Roto en mil pedazos. El espejo prodigioso en el que nos mirábamos tantos europeos y tantos habitantes de este planeta en el que vivimos. Como este modesto anglófilo de toda la vida. Mi primer viaje a Inglaterra fue cuando un servidor de ustedes había cumplido ya los 23 años y el idioma inglés ya se había convertido en mi robusto segundo idioma. Admito que me sentí desde muy joven fascinado por aquella Inglaterra que todavía no conocía. Siempre civilizada y amable, madre de otras grandes naciones, como los Estados Unidos, Canadá, Australia o Nueva Zelanda. Usé a diario el hermoso idioma que se había forjado a lo largo de los siglos en aquellas brumosas islas. Llegué a leer más en inglés que en mi amado castellano. Algo inevitable. Los prebostes de la dictadura que en aquellos aquellos tiempos nos gobernaban en España nos habían prohibido la lectura de libros imprescindibles. El poder leerlos en inglés fue siempre una emocionante aventura. Y un inmenso y secreto

privilegio. Pues bastaba la llave amiga de aquel idioma, para entrar en un mundo de libertad e inteligencia, siempre deseable.
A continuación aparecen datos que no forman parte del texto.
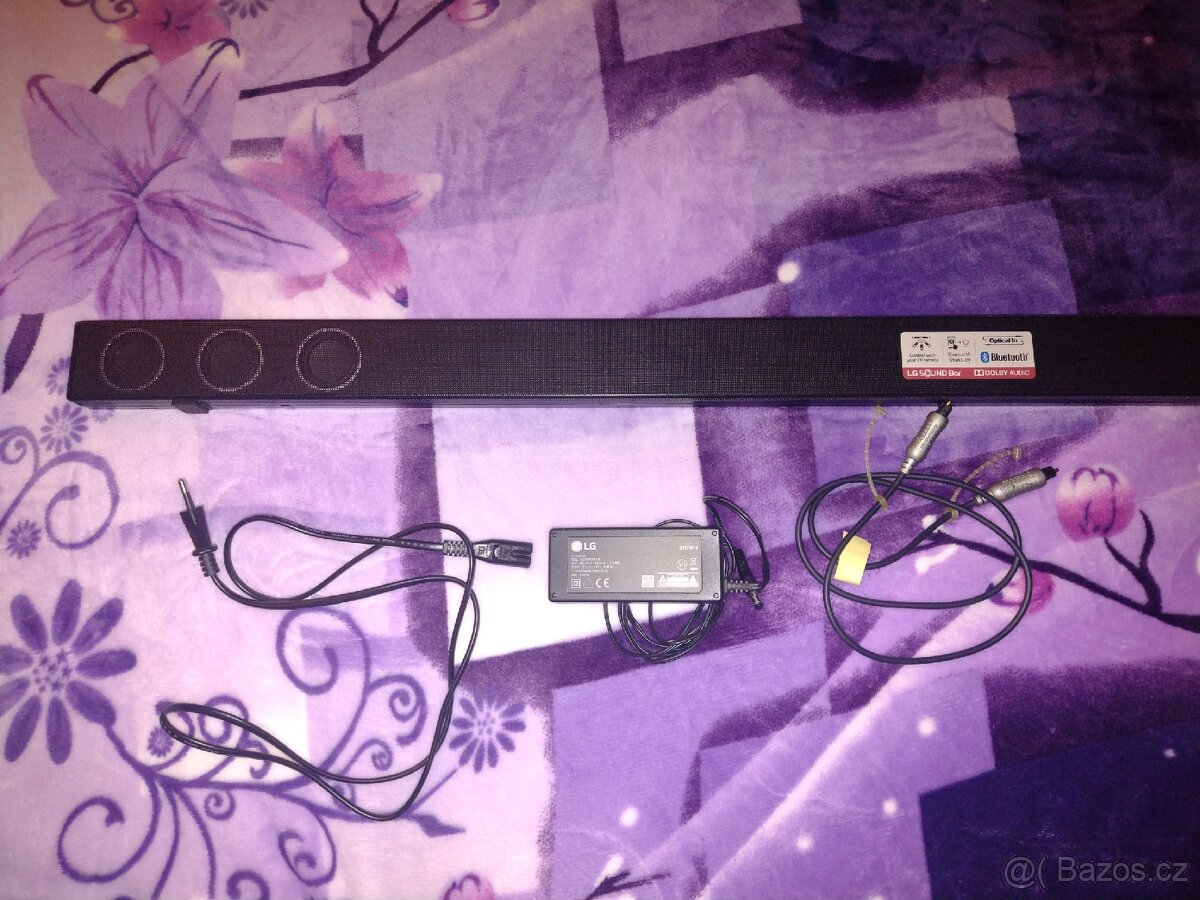 Prodám sound bar LG - 5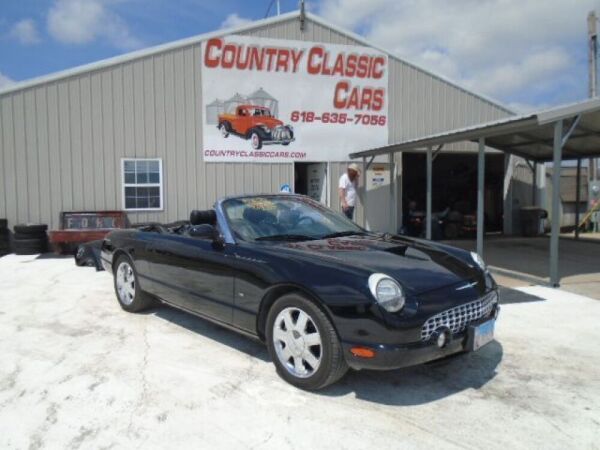 2003 Ford Thunderbird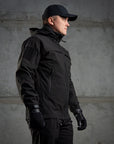 Jacke Weichschale Polizei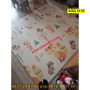 Сгъваемо детско  килимче за игра, топлоизолиращо 160x180x1cm - модел Лисица и Тигър - КОД 4135, снимка 2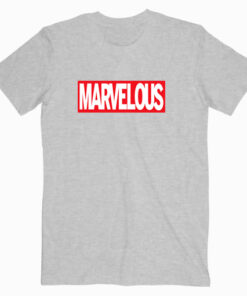Marvelous T shirt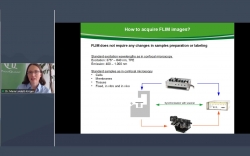 Environmental sensing with Fluorescence Lifetime Imaging (FLIM)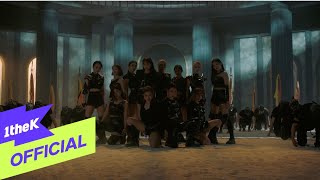 MV LOONA이달의 소녀  PTT Paint The Town [upl. by Oiretule]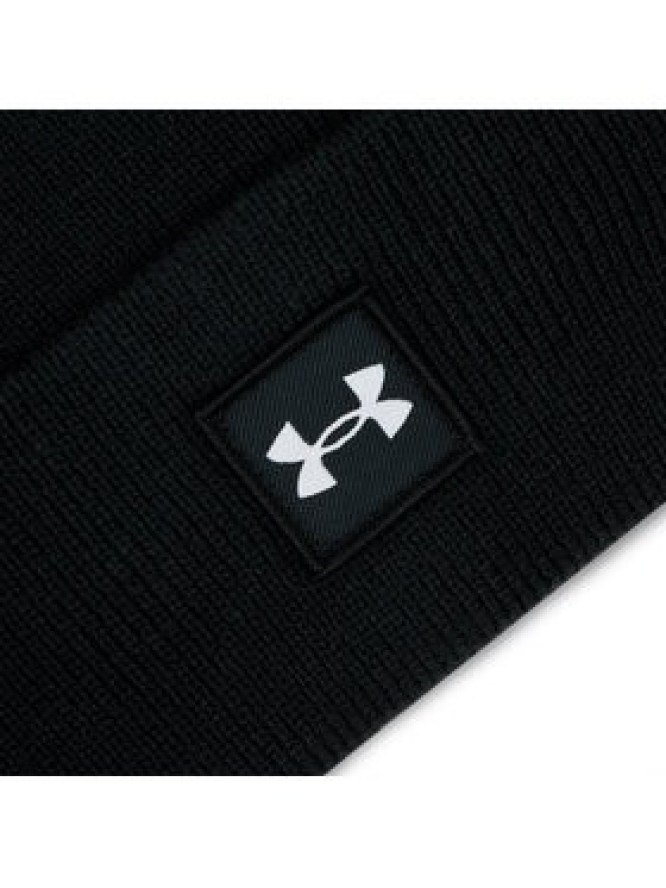 Under Armour Czapka Halftime Cuff 1373155-001 Czarny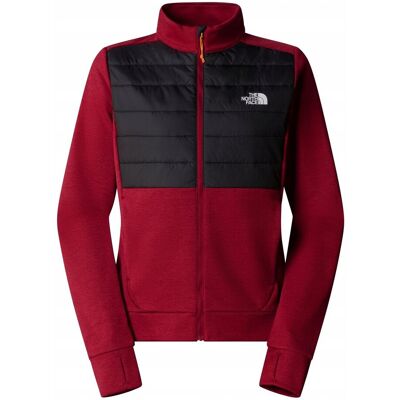 THE NORTH FACE KURTKA REAXION HYBRID NF0A894569I r XS THE NORTH FACE KURTKA REAXION HYBRID NF0A894569I r XS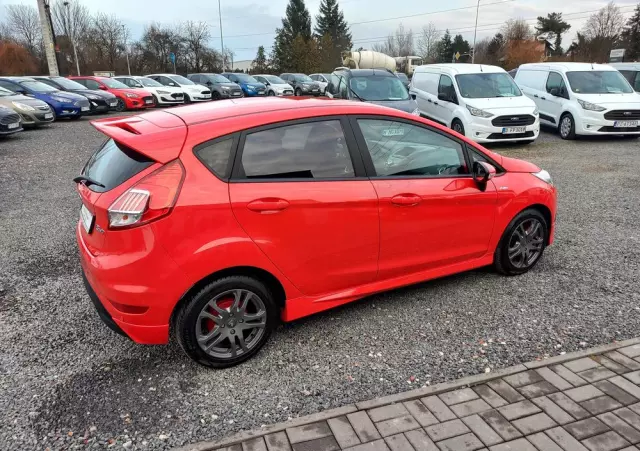 FORD Fiesta 1.0 EcoBoost Start-Stop ST-LINE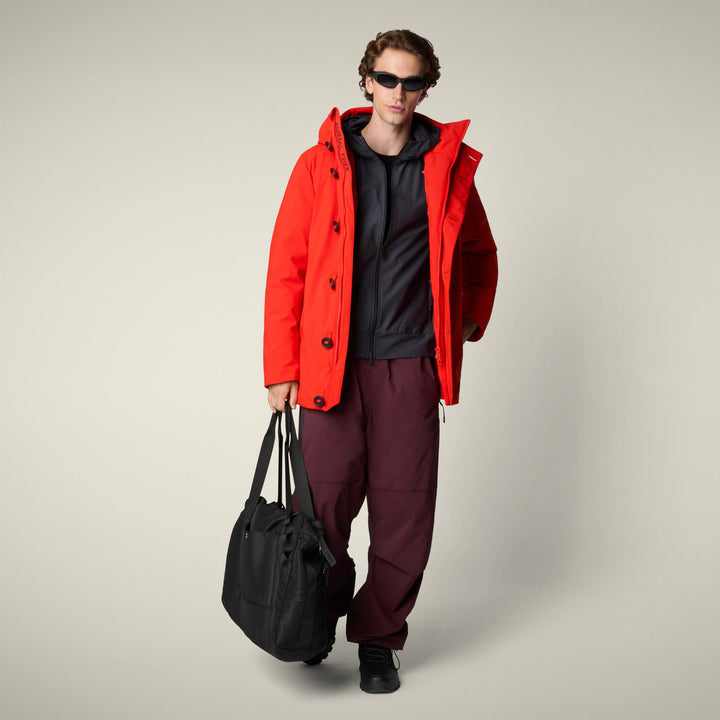 【MAN】RONAN P39340M SMEG FIERY RED / M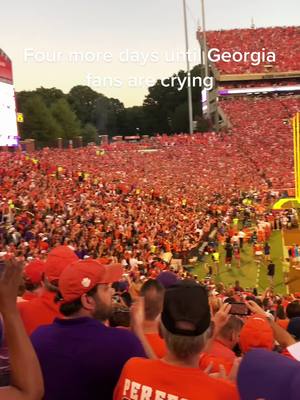 A post by @_kuzzi on TikTok caption: #clemson #CollegeFootball #fyp start arguments in the comment section 😈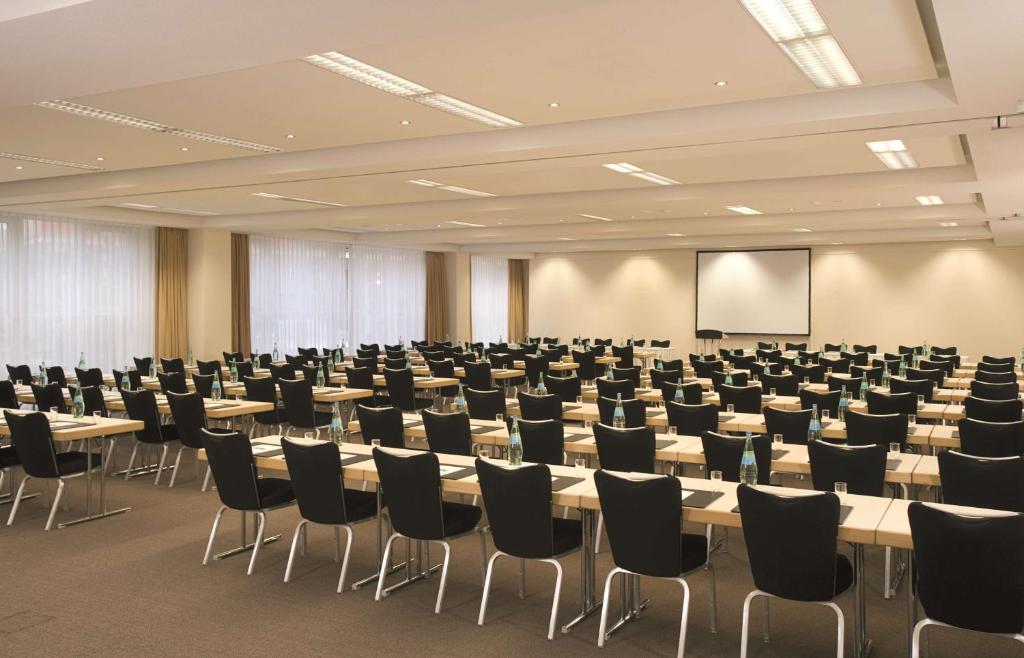 Konferenční prostory v ubytování NH Dresden Neustadt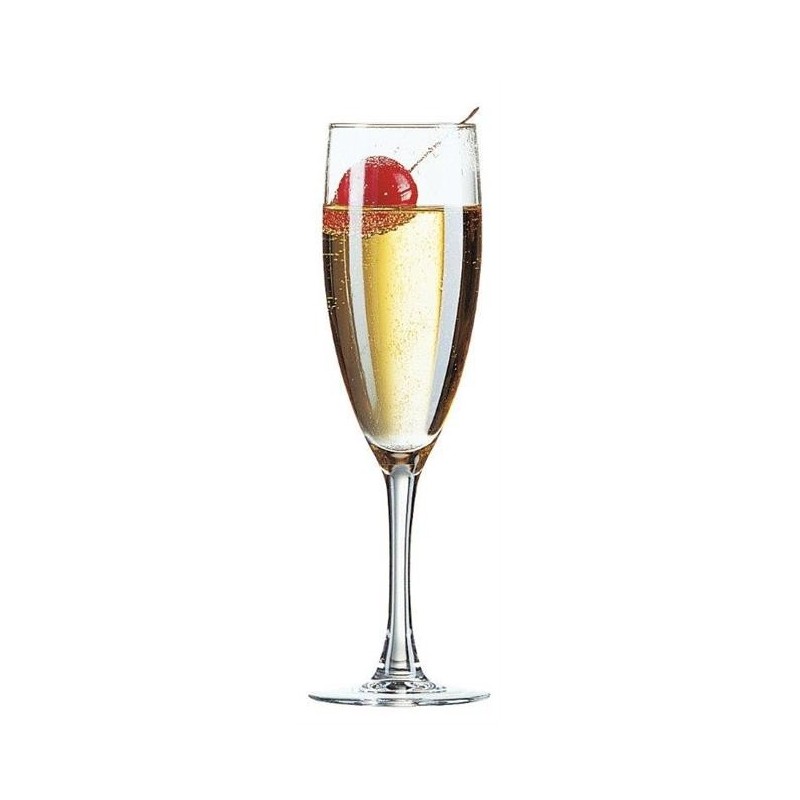 Kieliszek do szampana 150 ml śr. 61x(H)196 mm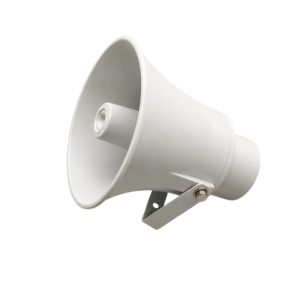 VERBEX VT-HS30T 30W Weatherproof Commercial Horn Speaker for Public Address & Outdoor Broadcasting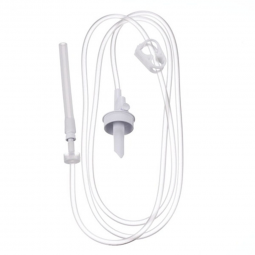 PIC B. Braun 313005-PIC Urology Irrigation Set With 1 Lead, Irrigation Set (CS) - PIC Urology Irriga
Y por si fuera poco, con 16 años entré a trabajar en el Castillo del Inglés de Torremolinos, el mágico Hotel Santa Clara. Aquel pequeño reino junto al mar que hizo posible el comandante George Langworthy. Aquel caballero británico que tanto amó a España y que plantó en 1930 las simientes de lo que unos años después se convertiría en la espléndida Costa del Sol malagueña.

Tampoco nos vino mal entonces el ejemplo de la entereza moral de aquellos pueblos de habla inglesa, según nos contaba Sir Winston Churchill en un libro perfecto que encontré en la biblioteca del Santa Clara. Aquellas grandes naciones que no hacía mucho habían derrotado al fascismo en una dura guerra global. Quizás muchos jóvenes europeos ignoran que casi la totalidad del mapa político de Europa y Asia llevó entonces los colores fascistas. Y que Inglaterra estuvo al principio muy sola.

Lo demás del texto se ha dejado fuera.